- Born: 1 July 1905 Medinipur, India
- Died: 31 December 1979 (aged 74) Medinipur
- Occupation: Freedom Fighter, Elected Official

= Bankim Bihari Pal =

Indian revolutionary leader and politician

Bankim Bihari Pal (1 July 1905 - 31 December 1979) was a revolutionary in British India and a politician after Indian Independence in 1947.

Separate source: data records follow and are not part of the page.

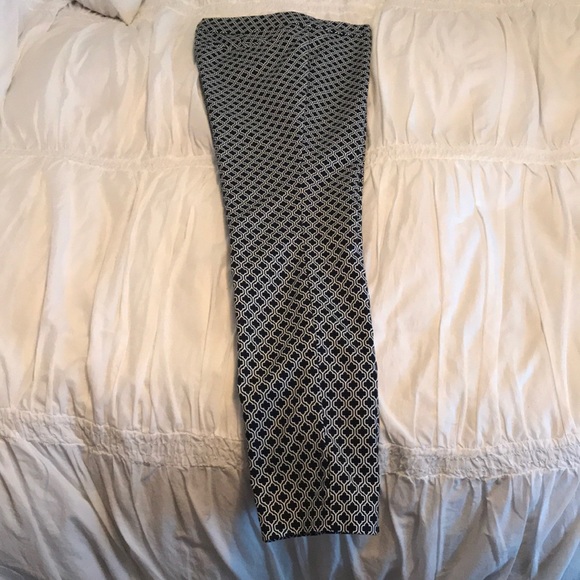 Dalia Pants - Dahlia ankle pants navy print size 2 Dalia Pants - Dahlia ankle pants navy print size 2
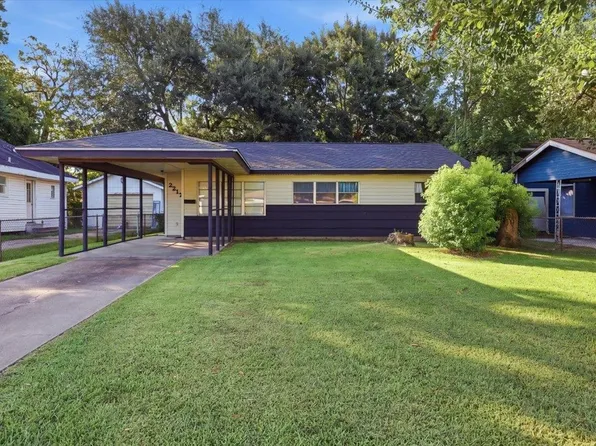 2217 14th St, Port Neches, TX 77651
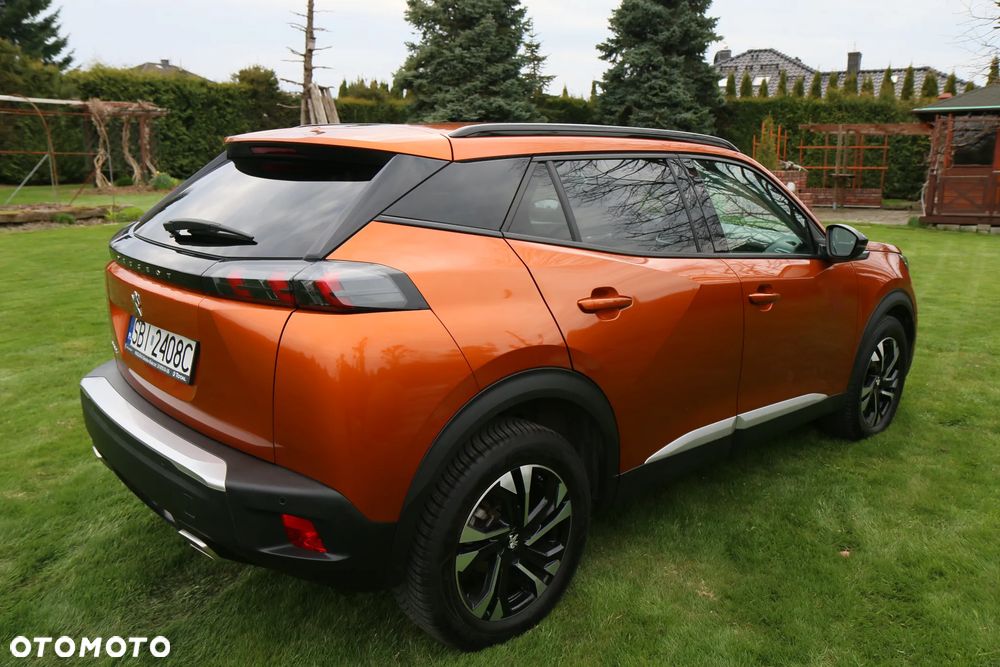 Peugeot 2008 1.2 PureTech Allure S&S - 6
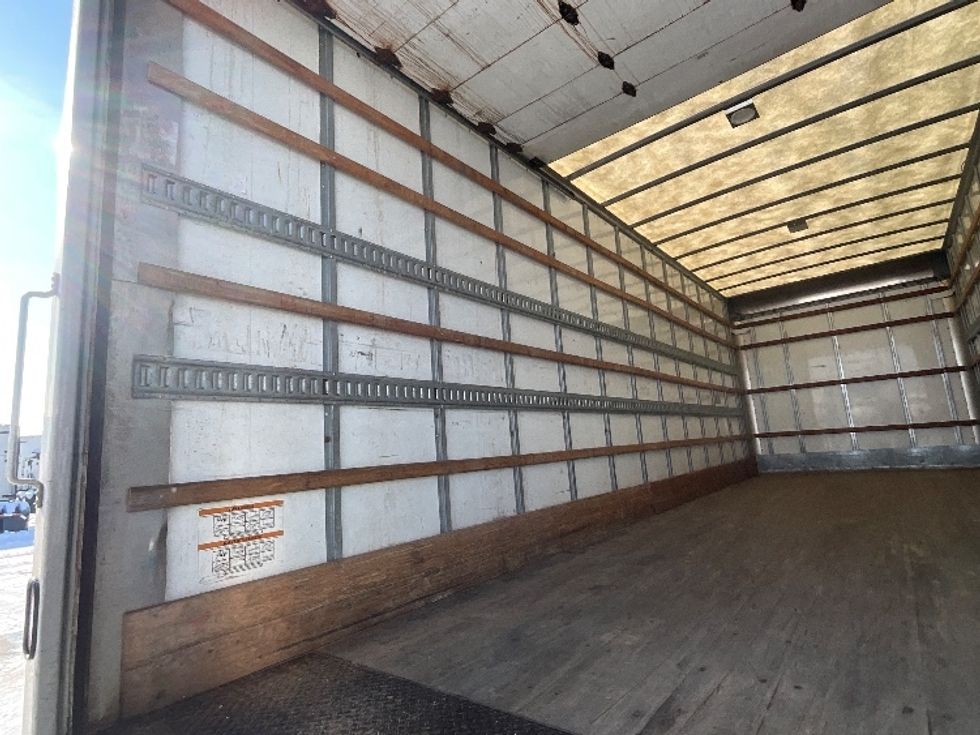 Medium Duty Box Truck-Light and Medium Duty Trucks-Freightliner-2020-M2-Cambridge-ON-182,282\n\t\tkm-$ 80,000 - Image 11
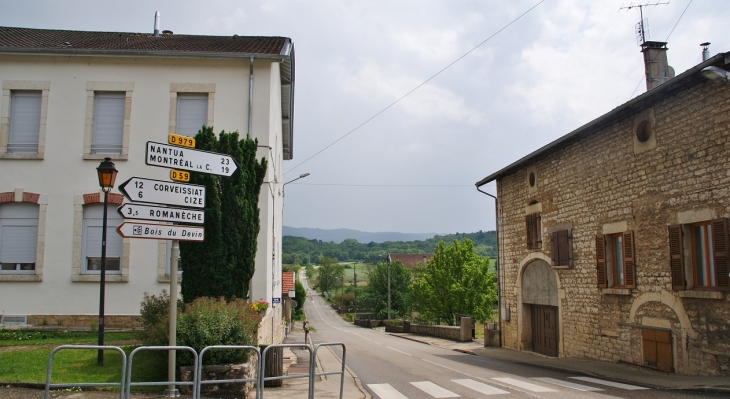 <<Hautecourt ( Commune de Hautecourt-Romanéche ) - Hautecourt-Romanèche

== Early life and education ==
Pal was born on 1 July 1905 in Medinipur, in the present Purba Medinipur district into a Hindu family. He was involved in political activities from his school days. Although he was a supporter of Gandhi's nonviolence movement, he supported his BV friends for some time. He was worked for them as a middleman between the BV Swadeshi dacoits and BV action squad members. For that reason he includes women from prostitute areas.

== Later activities ==
In 1940, he participated in the Satyagraha movement of Gandhi. In August 1942, he played a lead role in launching an anti-British movement in undivided Midnapore. He started a Roadshow (Swadeshi Street dramas) for the first time in Midnapore. For that reason he wrote several plays, acted and directed himself with the help of local people and prostitutes.
After the independence of India, Pal won several elections as a councillor in Midnapore Municipality, which included the Midnapore seat of West Bengal Assembly in 1977, as a Janata Party member. He founded the Shahid Prososti Samiti. He died on 31 December 1979, owing to prolonged sickness.